Source. This is pretty much half of your basic hipster wardrobe; however, fedoras, oddly-fitting 70s blouses, ludicrously high-cut pants, and chunky plastic jewelry are also mainstays. Oh, and those goddamn mustaches. Mustaches everywhere.

Part 1: Observing Hipsters

I could tell there was a trend going on, and I recognized the impact of Japanese fashion on its style, but there, my understanding ended. Thick-rimmed glasses and a mishmash of stylistic references to different eras that were combined into a decidedly unique look, generally involving Apple products. Hipster fashion was everywhere, growing each day, and yet, to be called a hipster was an insult. The look is praised and derided in the same breath. It has managed to retain an exclusive cachet even as overweight North Americans everywhere are trying to squeeze into sterility- and embolism-inducing skinny jeans.

Just in case you, dear reader, are confused by the term hipster, I’ll provide a brief description of the word’s application in most modern contexts. The current hipster look and attitude are stereotypically characterized by exclusivity, streamlined clothing cut for those with a lower-than-average BMI, expensive electronics, obscure music by mostly independent artists, and the traditional snarkiness every cool group displays at its zenith. Skinny jeans and an androgynous look are generally the norm, and a pseudo-worldly display of international interests combined with affected quirkiness are hallmarks of the attitude that matches the clothing.

Of course, this description is leaving out the history of the hipster, which is an evolving movement that takes its roots from Jack Kerouac and other Beat poets, as well as from Andy Warhol’s Factory crew. Still, don’t let the description fool you–most hipsters are, as with any trend, far less extreme than in typical descriptions, and quite a few people can make the fashions work without having to display the less tasteful aspects of the attitude.

I’m going to touch on a previous column, which dealt with cultural appropriation and skimmed over how to avoid it. I mention it because affecting ‘tribal’ styles without a specific ethnic origin and using ‘first Nations inspired’ designs, such as feather headdresses, are common to hipster styles. A lot of important touchstones for non-Euro-American cultures that happen to look cool get borrowed and recycled in the hipster look. I don’t think I need to explain why using sacred or culturally sacred symbols for casual fashion is bad and pretty disrespectful.

Still, because I don’t want to rehash what most of the internet has been bitching about for the last couple of years, I’m going to skip ahead to the part that involves Disney. We all love Disney, right?

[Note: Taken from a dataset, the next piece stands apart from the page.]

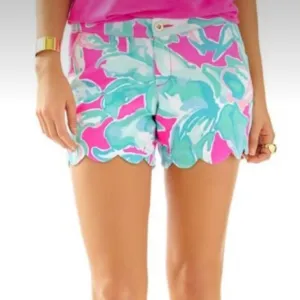 Lilly Pulitzer The Buttercup Scallop Shorts in Size 2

Source. There’s your overlap. You’ve been warned.

Part 2: Disney Princesses

A few friends of mine have started to rear their own offspring, and the rest–including me–still use this and any other excuse to enjoy some Disney nostalgia. There’s no getting around it–ostensibly evil, money-grubbing, exploitative corporation or no, Disney is a company that makes a good kid’s movie. I’m not going to get full-bore feminist on everyone’s asses, and we’ll talk more about why Disney is both very good and very bad another time, but the fact remains that good songs and good animation resulted in some good movies.

The princess movies in particular have done a surprisingly good job of surviving their over-marketing. In spite of being saturated with merchandise and sequels related to the roughly grouped stories based on carefully retold fairy tales, we aren’t sick of them yet. The beauty of The Little Mermaid, Cinderella, or even the somewhat condescending Princess and the Frog film still remain, even with the faults of the films.

I hate to gut something that formed such an essential part of so many childhoods, and I hate to restate the obvious or oft-said even more, but the princess films have also done a fair bit of damage to our psyches. In addition to the body issues, the presentation of love as the end-all and be-all of life, and the easy solutions, the princesses generally had to put in only token effort to have the world delivered to their feet. Perhaps it is natural, then, that movies associated with white privilege and the style associated with white privilege have overlapped so neatly.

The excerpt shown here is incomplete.